Location
- 1 Berry Lane Logansport, Cass County, Indiana 46947 United States
- 40°45′00″N 86°19′59″W﻿ / ﻿40.749962°N 86.332931°W

Information
- Type: Public High School
- Established: 1871
- School district: Logansport Community School Corporation
- Superintendent: Michele Starkey
- CEEB code: 152095
- NCES School ID: 180603001060
- Principal: Matthew Jones
- Teaching staff: 79.89 (on FTE basis)
- Grades: 9 to 12
- Gender: coed
- Enrollment: 1,148 (2024–2025)
- Student to teacher ratio: 14.37
- Colors: Red and black
- Slogan: We empower students to achieve excellence every day
- Fight song: Logansport High School Fight Song
- Athletics conference: Hoosier Conference (IHSAA) Since 2024 (Charter member in 1926)
- Mascot: Felix the Cat
- Team name: Berries
- Newspaper: The Magpie
- Yearbook: Tattler
- Website: lhs.lcsc.k12.in.us

= Logansport High School =

Logansport Community High School is a high school located in Logansport, Indiana, USA. It is a part of the Logansport Community School Corporation.
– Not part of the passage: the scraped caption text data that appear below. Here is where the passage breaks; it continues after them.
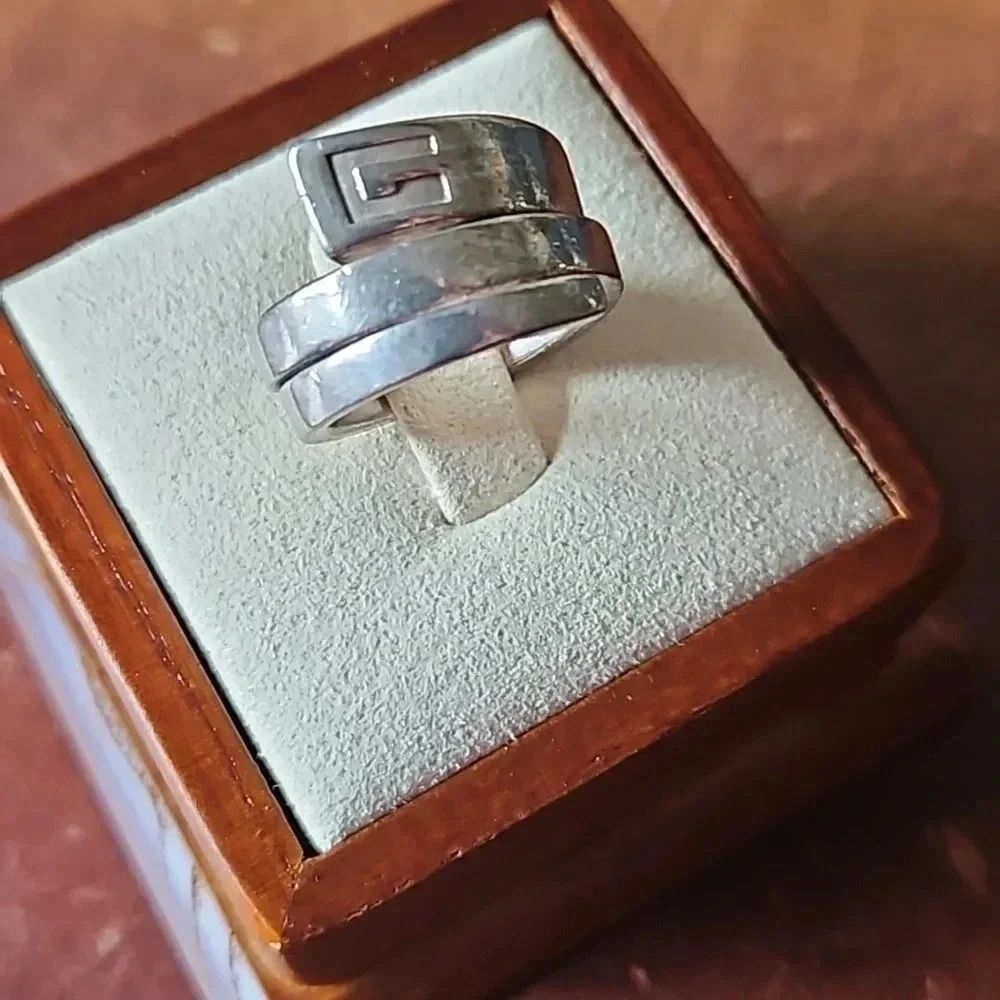Gucci Snake G Logo 925 Sterling Silver Ring, Size 5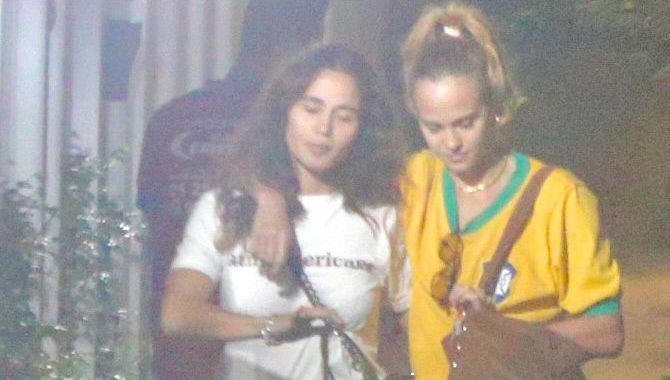 Nanda Costa e Emilie Rey aparecem juntas em fotos que alimentam rumores de romance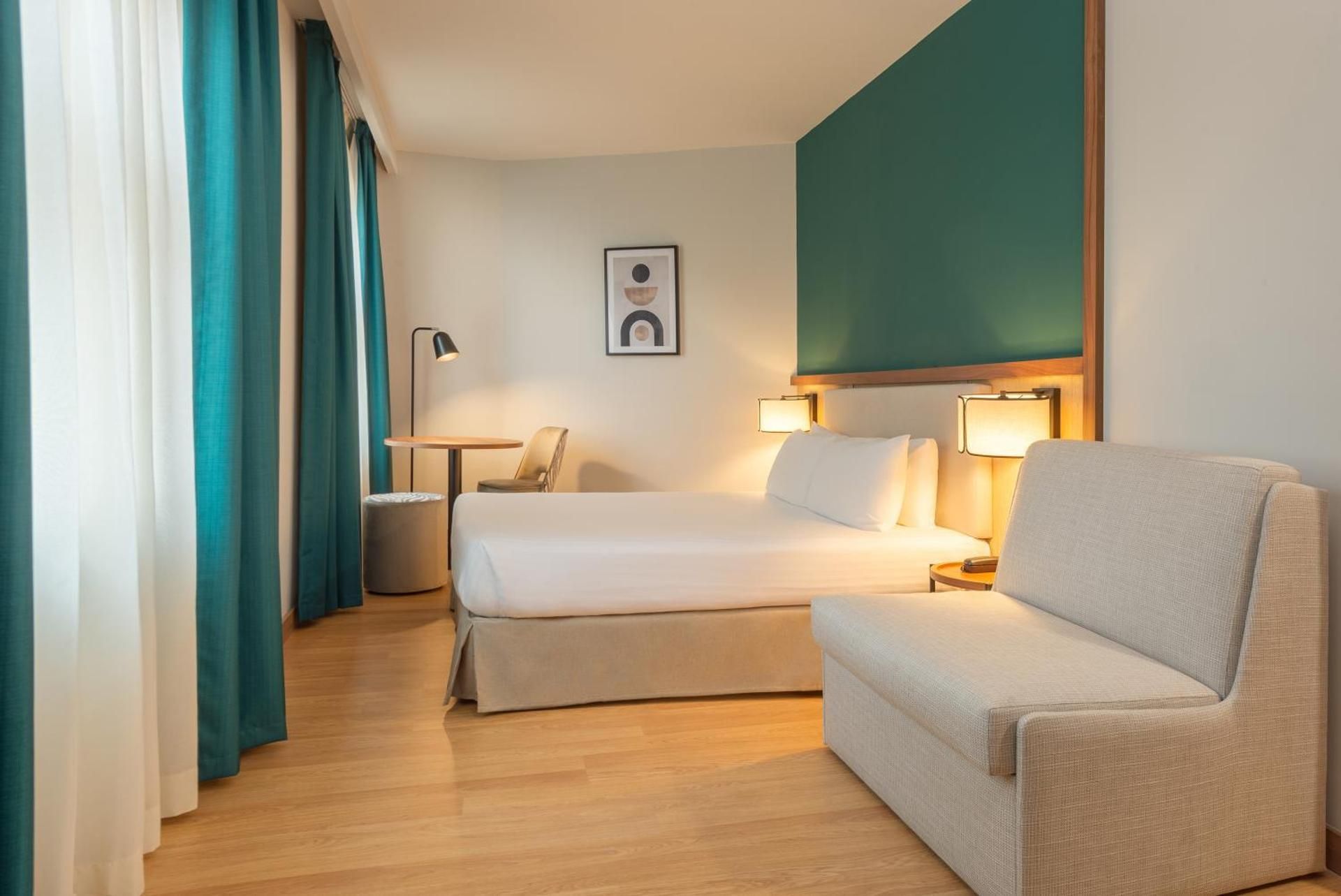 Hotel Elche Centro Affiliated by Meliá Family Room 2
The first recorded commencement took place in June 1871, at the Mesodian Opera House, with three graduates.

The majority of Logansport is in the school district, of which this is the sole comprehensive high school.

== History ==
High School classes had first been offered in Logansport, in 1863, at the New Seminary, which was a three-story stone building built on the corner of Broadway and Thirteenth Streets in 1848–1849. The first record of a high school commencement occurred on June 1, 1871.

In 1874, the Seminary was torn down with a new school, known as Central or Lincoln School, being built on the same site. This served as the high school until 1894, when the Roosevelt building, at the corner of Broadway and Seventh Streets, was used until 1913.

Lincoln School was razed in 1913, and what is now referred to as the "Old" Logansport High School was built between Thirteenth and Fourteenth Streets and Broadway and Market Streets. This building would serve for the next 60 years, until in 1967, it was decided that a new building would be needed.

The "New" Logansport High School, which opened in 1973, was relocated to the edge of town on an 86 acre site.

== Campus ==
The new facility was split into four sections: an athletic wing, a student services wing, and two academic wings with classrooms. The athletic wing includes the new "Berry Bowl", the schools basketball court, with seating for 5,830, a six-lane swimming pool with seating for 400, standard locker room facilities and wrestling room. School offices, the cafeteria, and the library are all located in the student services section, which is centrally located in the middle of the facility. The academic wings have classrooms grouped into areas of study.

McHale Auditorium was dedicated November 7, 1976. The auditorium was built with a $1,000,000 donation from Frank McHale, along with a $2,000,000 endowment for continued upkeep.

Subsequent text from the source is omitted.